“If Beijing does not engage with the Dalai Lama now, it will only serve to strengthen those who advocate extreme views,” he said of China‘s angry tirade since protests erupted across Tibet in March.
“Public vilification of the Dalai Lama will not help defuse the situation.”
Negroponte said China would not achieve stability in the Himalayan region under its rule unless it resolves long-standing grievances and is able to work with the Buddhist leader.
‘Outreach and dialogue’
Beijing has accused the Dalai Lama of inciting the March 14 riots in the Tibetan capital, Lhasa, and the ensuing unrest in other ethnic Tibetan areas, saying it was part of a bid for Tibetan independence and to ruin the upcoming Olympic Games.
The Dalai Lama has denied that he orchestrated the unrest, and said he wants autonomy for Tibet and not an independent state.
The US has been trying to persuade China to talk to the Dalai Lama and for diplomats and other observers to be allowed into Tibet.
The lack of access has been a cause for concern because China has reportedly detained some 4,000 people and “reports of mistreatment of detainees are numerous”, Negroponte told the Senate Foreign Relations Committee.
Noting China‘s “minimal” response to the suggestions, he said it was a US priority to establish a permanent diplomatic presence in Lhasa.
Negroponte said while the US was against any boycott of the Beijing Olympics it was deeply troubled by reports of bloodshed and arrests Tibet.

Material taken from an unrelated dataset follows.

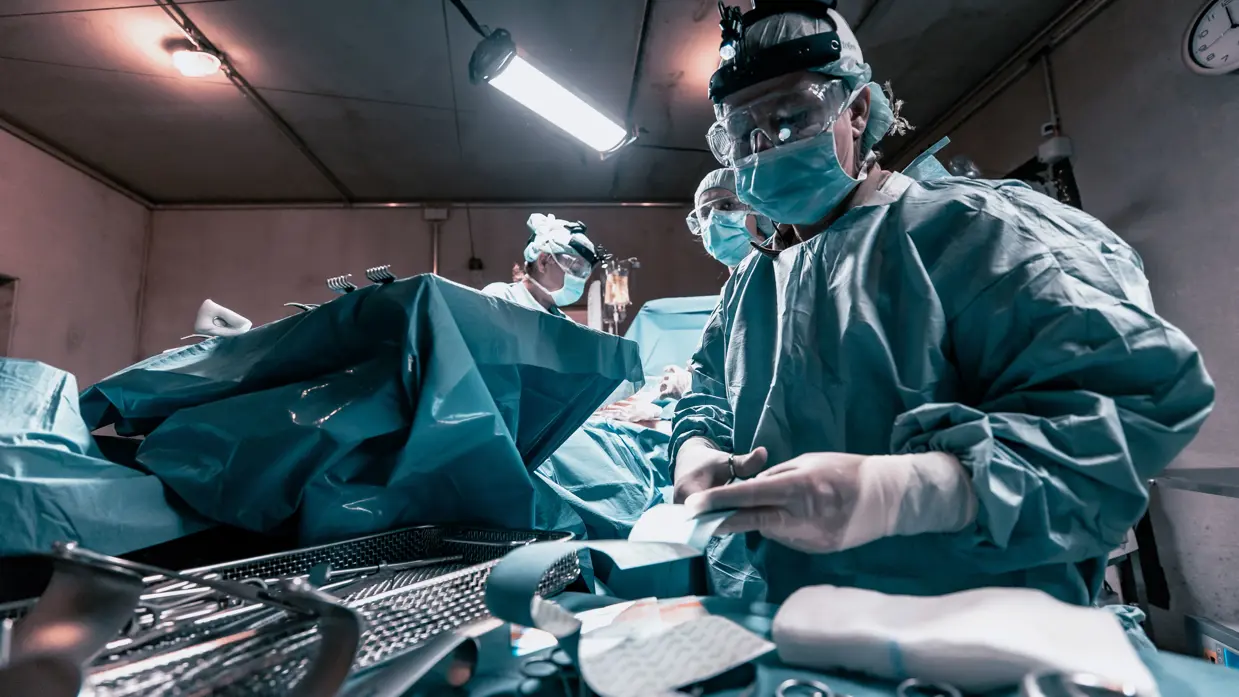 Een arts in groene operatiekleding knipt een verband.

He acknowledged that the widespread calls for a boycott reflected real concerns with China‘s human rights record.
George Bush, the US president, has said he will use his presence at the games in August to raise human rights issues directly with Chinese leaders.
Senior US legislators have urged Bush to skip the ceremonies.
Gordon Brown, the British prime minister, and Angela Merkel, the German Chancellor, have both said they will not attend the Olympic opening ceremonies.